- Exercise aim -
Only the text of the records belongs in the answer, copied exactly, with every picture omitted.

- Data to use -
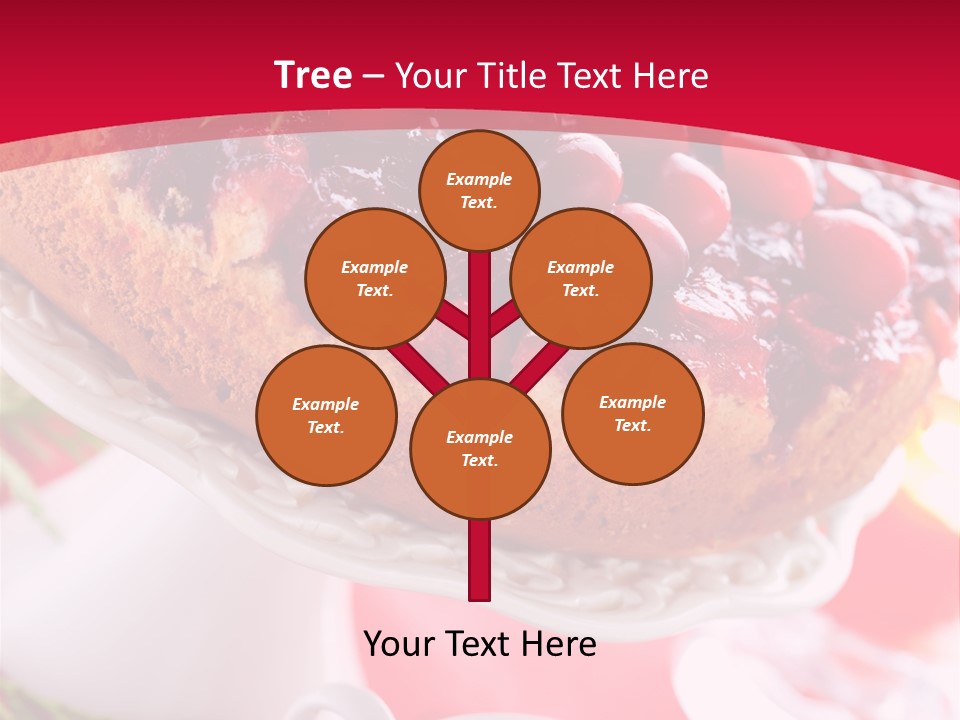 Cake Nobody Berry PowerPoint Template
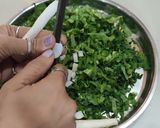 A picture of step 1 of Mooli ke Patton Ki Sabzi - (Radish Greens Stir Fry).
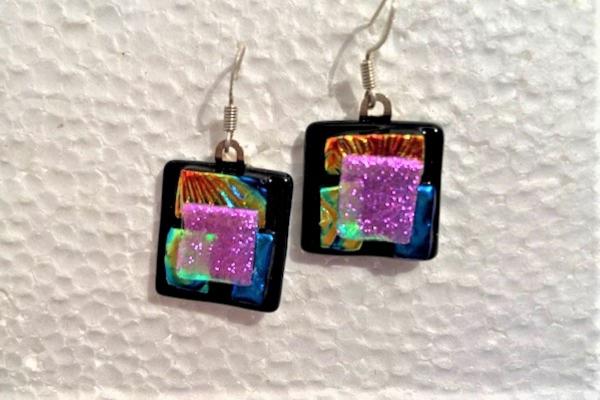 Dichroic Earrings picture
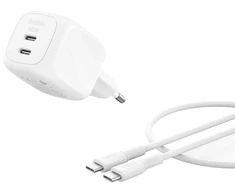 Įkroviklis Belkin BOOSTCHARGE Sieciowa 2 wyjścia USB-C 50 W (WCH019KQ1MWH-B6)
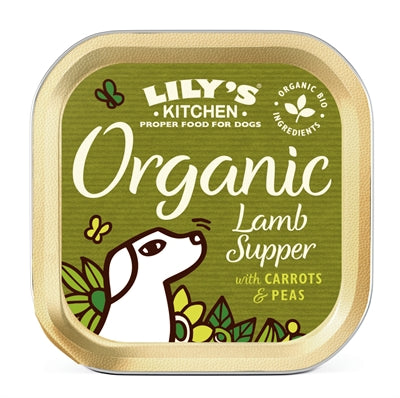 Lily's Kitchen Dog Organic Lamb Supper hondenvoer natvoer 11x150 gr
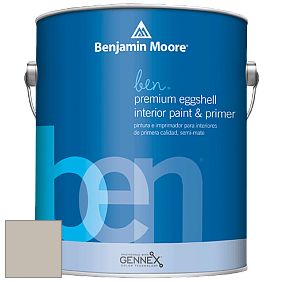 Benjamin Moore Ben W626 Premium Interior Latex Eggshell краска цвет 861 Shale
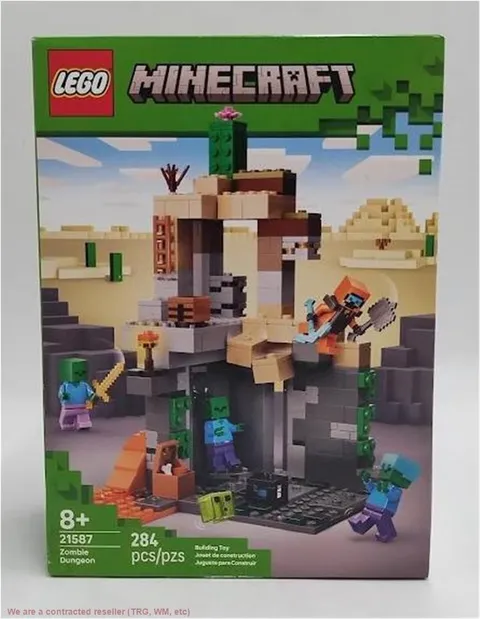 LEGO Minecraft Zombie Dungeon Building Toy 21587 SEE DETAILS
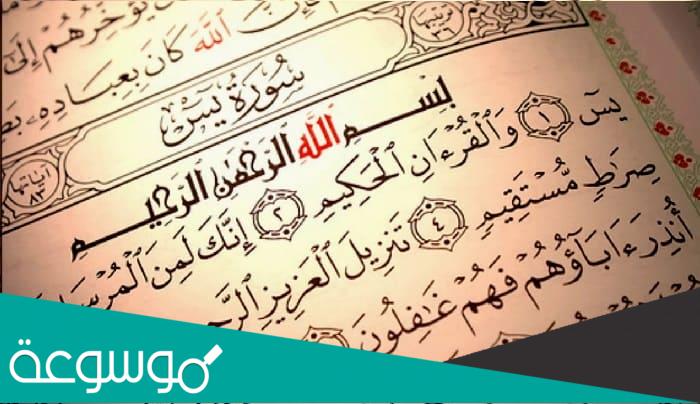 وقفات تربوية من سورة يس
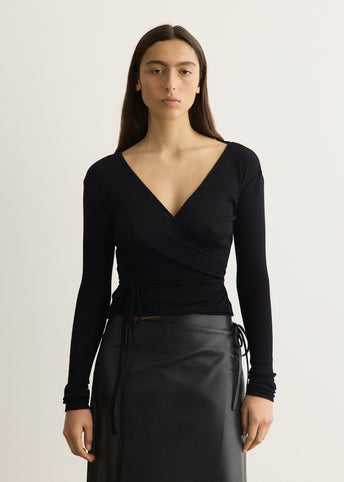 Baby Wool Wrap Top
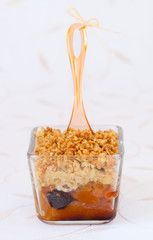 Dried fruit crumble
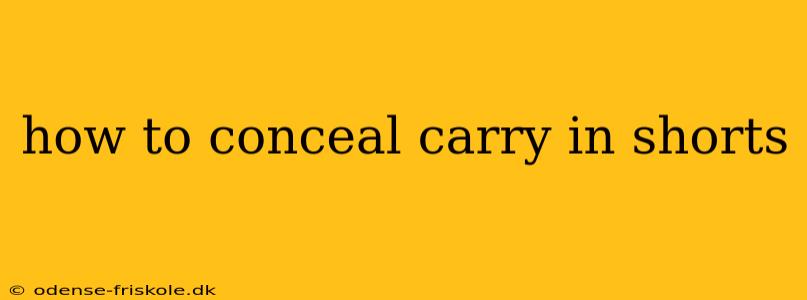 how to conceal carry in shorts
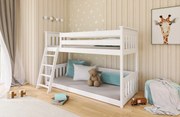 KENIV 90x200 λευκή κουκέτα LN8329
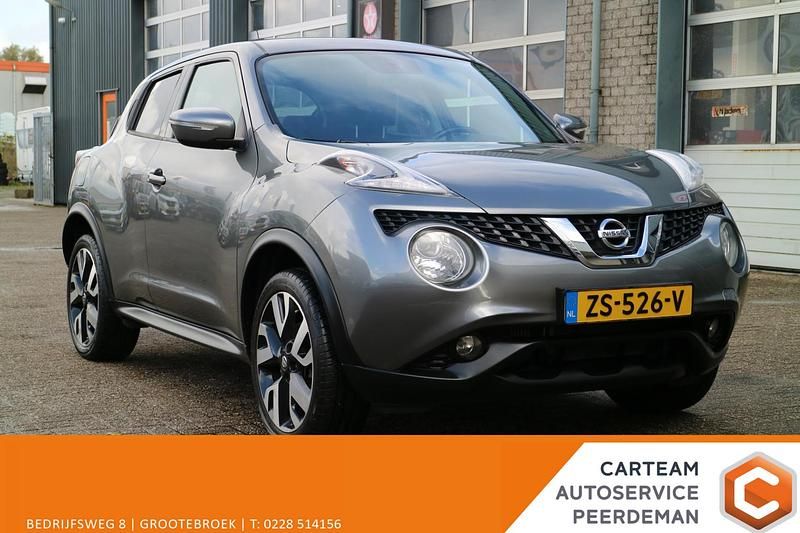 Grijs Gebruikt 2015 Nissan Juke S SUV | € 10.095 (Eerlijke prijs) - Afbeelding 1/4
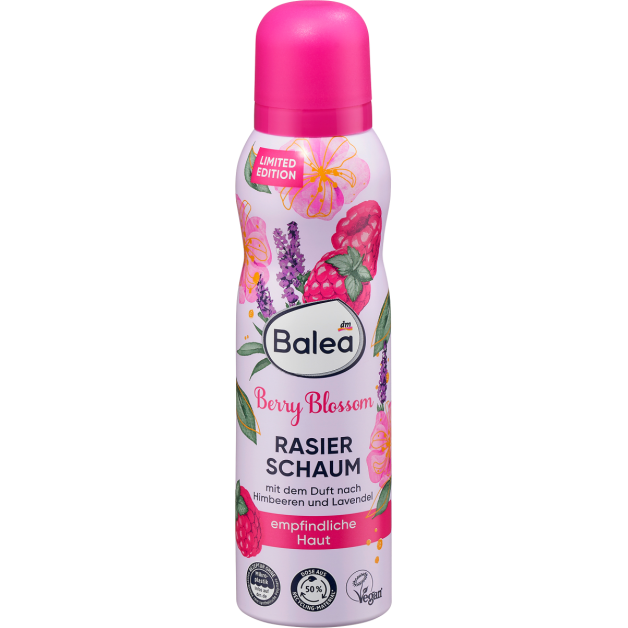 Піна для гоління цвітіння ягід лімітована серія Balea Rasierschaum Berry Blossom, 150 мл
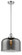 Bell - 1 Light - 12 inch - Polished Chrome - Mini Pendant (3442|916-1S-PC-G73-L-LED)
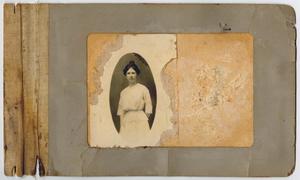Primary view of object titled '[Portrait of an Unknown Woman in a Dress]'.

- Answer section -
 Cake Nobody Berry PowerPoint Template
 A picture of step 1 of Mooli ke Patton Ki Sabzi - (Radish Greens Stir Fry).
 Dichroic Earrings picture
 Įkroviklis Belkin BOOSTCHARGE Sieciowa 2 wyjścia USB-C 50 W (WCH019KQ1MWH-B6)
 Lily's Kitchen Dog Organic Lamb Supper hondenvoer natvoer 11x150 gr
 Benjamin Moore Ben W626 Premium Interior Latex Eggshell краска цвет 861 Shale
 LEGO Minecraft Zombie Dungeon Building Toy 21587 SEE DETAILS
 وقفات تربوية من سورة يس
 Baby Wool Wrap Top
 Dried fruit crumble
 how to conceal carry in shorts
 KENIV 90x200 λευκή κουκέτα LN8329
 Grijs Gebruikt 2015 Nissan Juke S SUV | € 10.095 (Eerlijke prijs) - Afbeelding 1/4
 Піна для гоління цвітіння ягід лімітована серія Balea Rasierschaum Berry Blossom, 150 мл
 Bell - 1 Light - 12 inch - Polished Chrome - Mini Pendant (3442|916-1S-PC-G73-L-LED)
Primary view of object titled '[Portrait of an Unknown Woman in a Dress]'.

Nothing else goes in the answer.